In a post on its Windows Team blog, Microsoft is setting out the "numbers that matter" after a year of Windows Phone 7's existence. Let's peep at what Microsoft is prepared to share:
- 1.5 million downloads of the Windows Phone Developer tools
- 36,000 people paid to join the WPD AppHub as official developers
- 11,500 apps in store--quality over "tonnage"
- 10,000 apps available faster than "anyone else, without padding the stats"
- 7,500 apps that are paid downloads
- 1,200 new developer registrations per week
- 1,100 apps generating revenue for developers through MS ads
- 12 average app downloads per month per phone owner
- 1.8 days average app certification time ("not weeks, or months")
- 62% of apps passing certification first time
- 44% of apps include access to a trial version
- 40% of registered developers who've released an app
Microsoft seems most excited about that last statistic (it's "incredibly exciting when you consider the amount of creativity which is still forthcoming") but skeptics could easily see the statistic in its other light: The majority of developers have decided, after four months of Windows Phone 7 being on sale, not to release an app.
Indeed, a skeptical eye could turn many of these "positive" statistics on their heads. Reaching 10,000 apps faster than Google or Apple did sounds great, until you realize that MS's job was really made easier by Apple's effort, which first facilitated Google's effort--and now the public, and coder community, knows how lucrative apps could be. Twelve app downloads per month also seems good, but if you remember research from Apple's app store about how many apps people regularly use, the percentage of these 12 apps that users actually open even a second time (let alone use frequently) is likely to be tiny. Less than two days for an app certification is certainly speedier than Apple's developer teams typically encounter--but then MS's approvals team isn't getting apps submitted at a ridiculous rate of a thousand per day. And 44% of apps including a trial version is also neat--but how many users actually convert those free trials into a real purchase of the 65% of apps that come with a price tag?
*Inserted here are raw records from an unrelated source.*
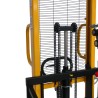 Zoom sur le mât du Gerbeur basculeur de Fût encadrant 450kg levée 2100mm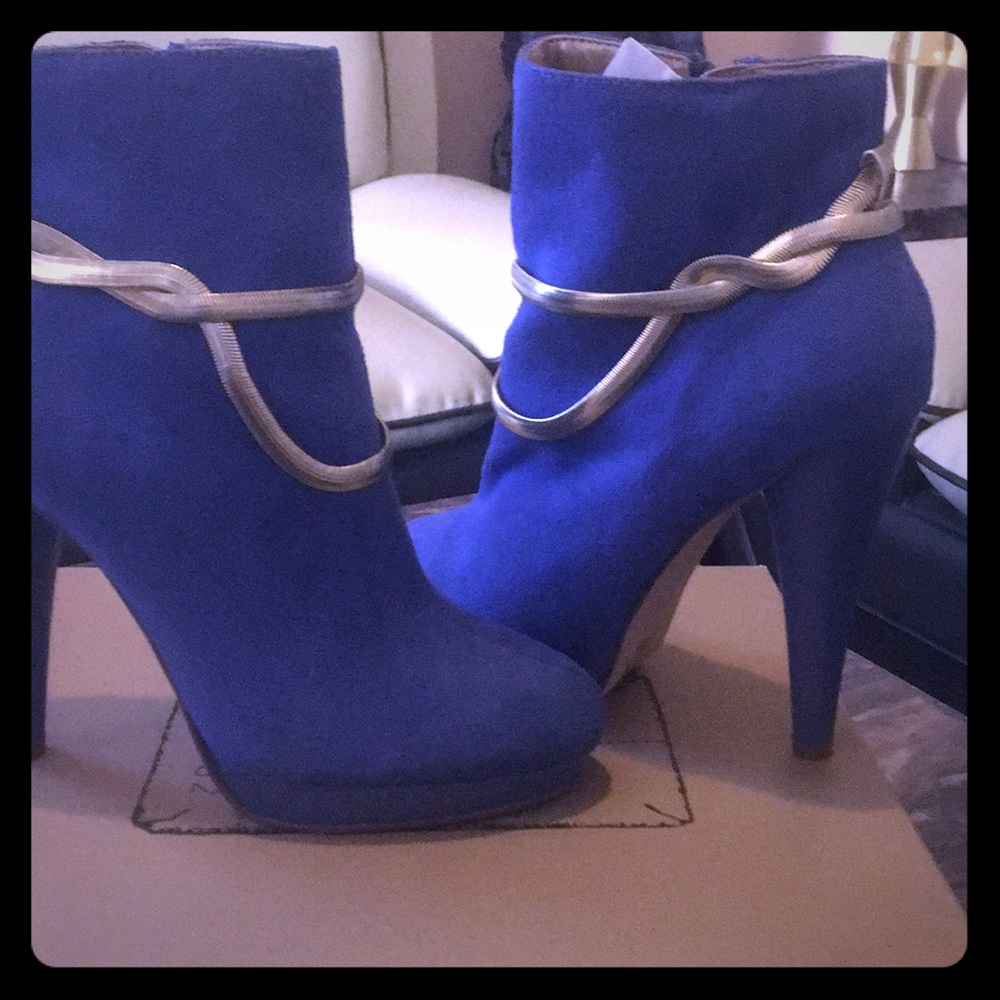 Never been worn boots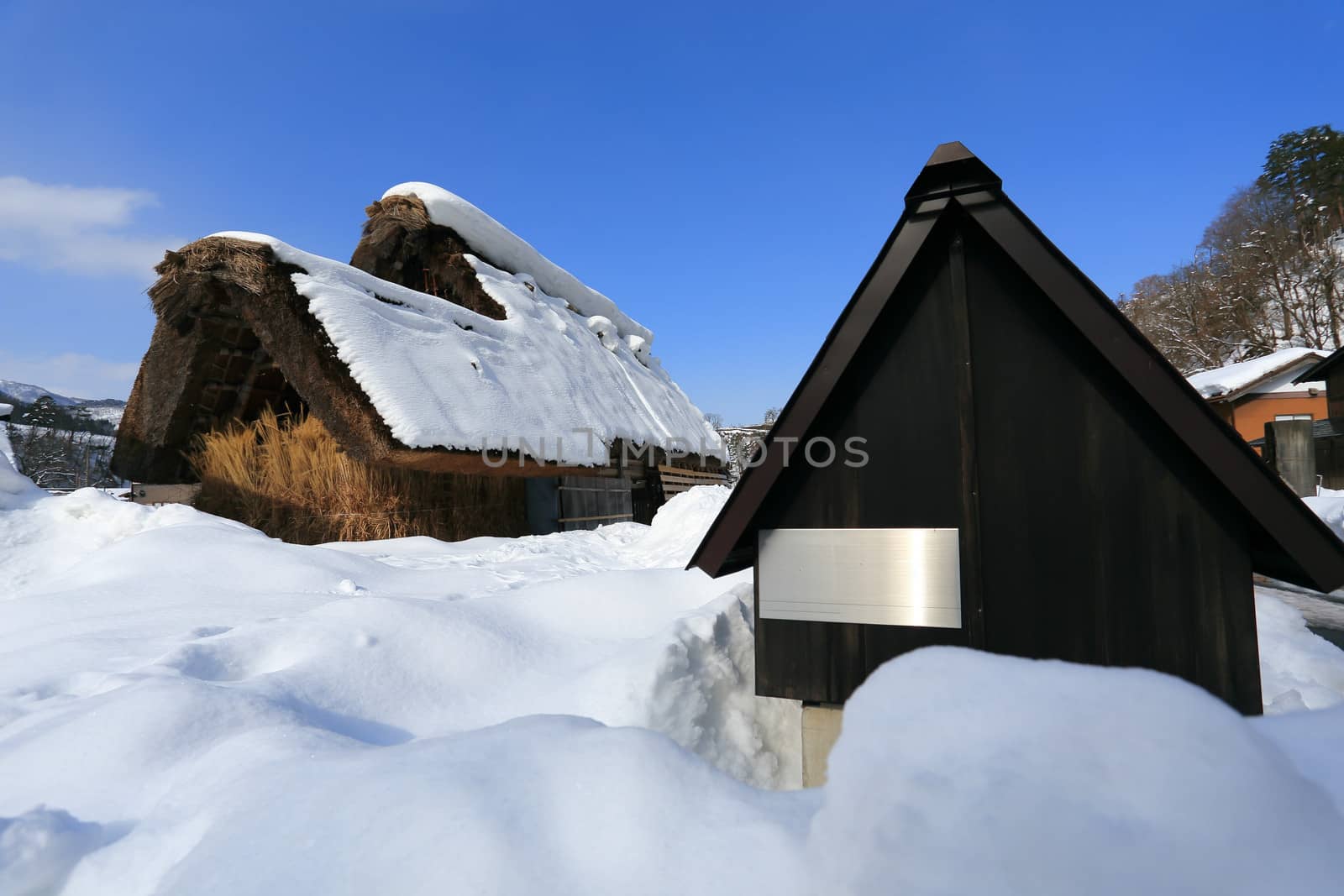 Shirakawa go village hut by rufous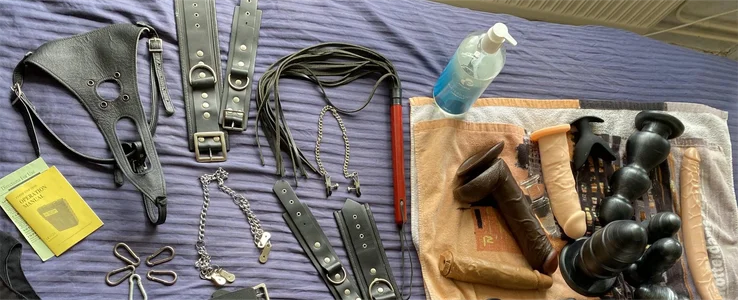 Divine_Goddesss toys for my boys Pic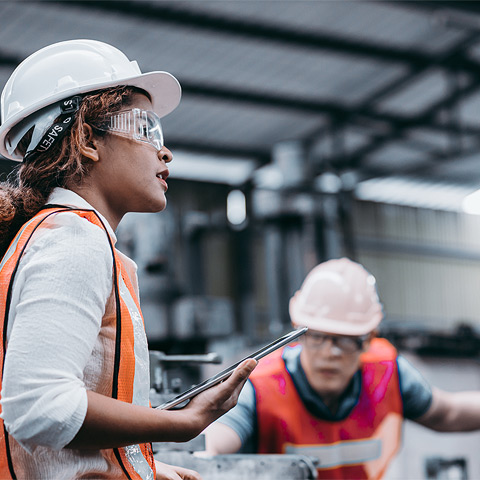 Produção industrial cai 0,7% em fevereiro, após nove meses de crescimento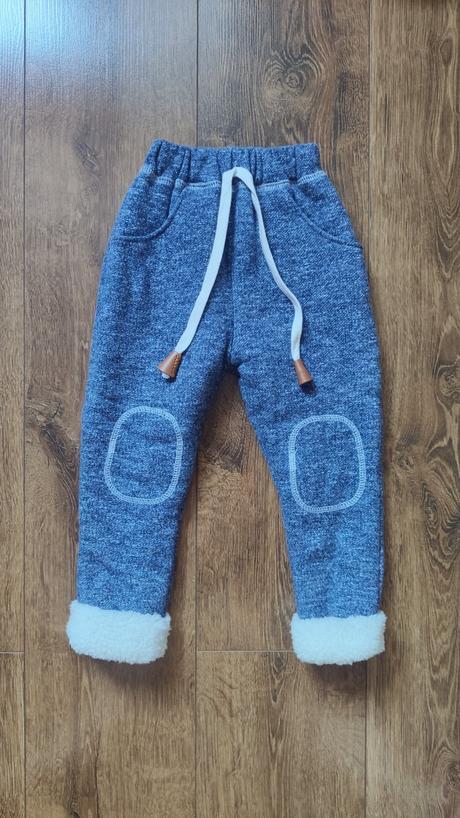 Extra hrejivé tepláčiky, veľ. 110, 110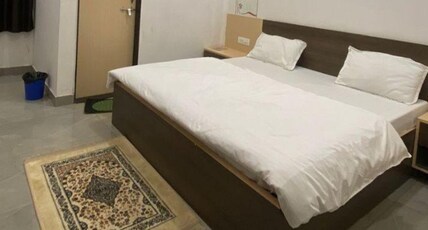 FabHotel Prime V Hazratganj Room Type - Deluxe Room
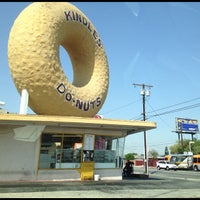 Photo taken at Kindle&#39;s Donuts by Vinicius S. on 9/10/2012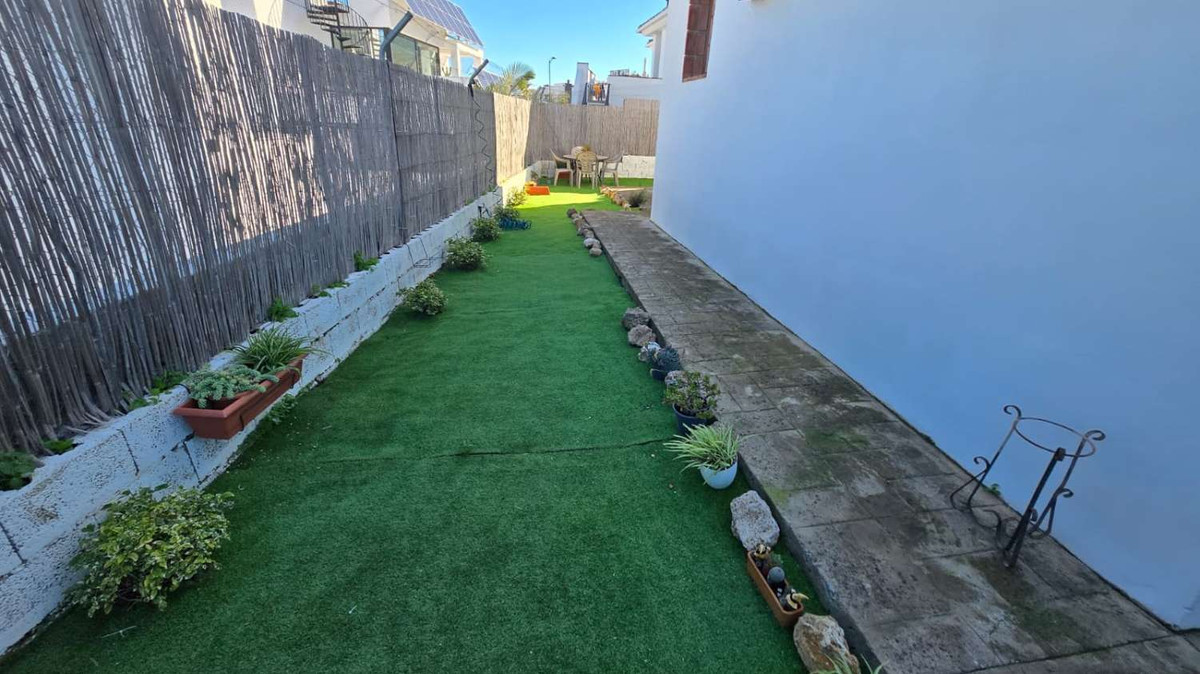 Se vende Villa - Chalet de 6 dormitorios en Costa Del Sol, Málaga, España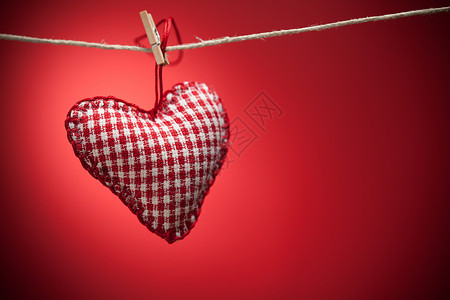 红色背景的多彩布红心 连锁店 情人节 浪漫的 天 钥匙背景图片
The most interesting number of all, the one that many people would like to see, is hard data on exactly how many consumers have bought a Windows Phone 7 device. That figure would tell us how many apps have actually been downloaded, and thus (with a guess about pricing), how much money they've made for Microsoft. It would also tell us whether the phones have been a success in the smartphone marketplace, although indirectly we hear they're not.
Microsoft is, according to high-profile research published this week, likely to capture around 20% of the smartphone market inside five years--even challenging Apple's projected market share. And slightly ailing global phone giant Nokia has now propped much of its future on MS's code. So these kind of statistics are vital for predicting how the smartphone future may play out.